== DATA SHOWN ==

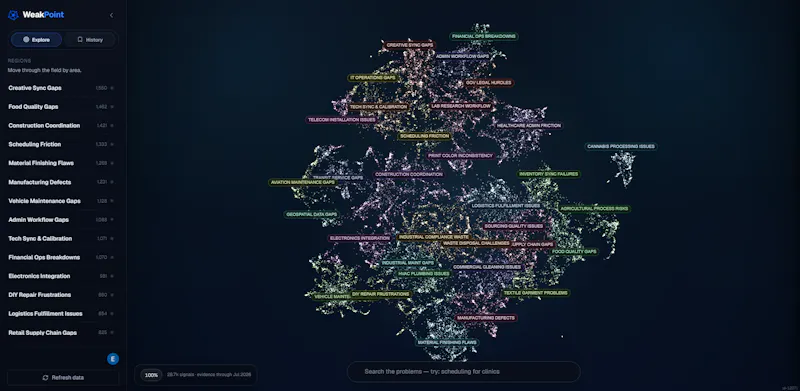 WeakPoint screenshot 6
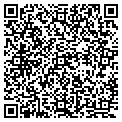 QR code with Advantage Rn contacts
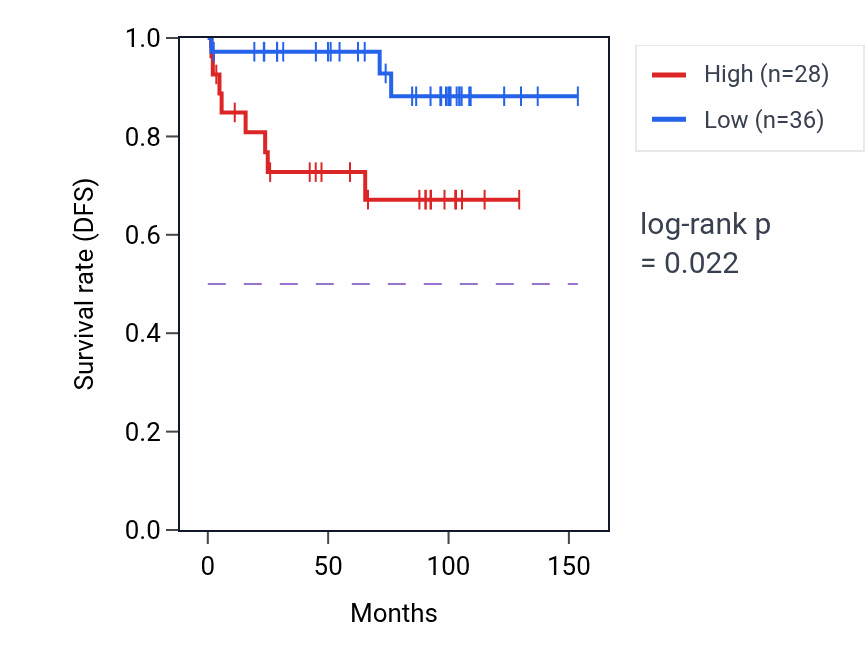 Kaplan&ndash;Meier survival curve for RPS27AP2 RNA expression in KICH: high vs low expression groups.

== TASK PROMPT ==
Starting with the line that holds "QR code with Advantage Rn contacts", copy every line exactly through the final line of the material, but skip the pictures.

== RESULT OF THIS TASK ==
 QR code with Advantage Rn contacts
 Kaplan&ndash;Meier survival curve for RPS27AP2 RNA expression in KICH: high vs low expression groups.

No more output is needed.